------ Input data ------
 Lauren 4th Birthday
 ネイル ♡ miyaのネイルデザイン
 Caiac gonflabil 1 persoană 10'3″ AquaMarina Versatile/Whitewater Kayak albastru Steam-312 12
------
**Task to carry out:**
From the first line to the last, transcribe the data exactly.

**Solved problem:**
 Lauren 4th Birthday
 ネイル ♡ miyaのネイルデザイン
 Caiac gonflabil 1 persoană 10'3″ AquaMarina Versatile/Whitewater Kayak albastru Steam-312 12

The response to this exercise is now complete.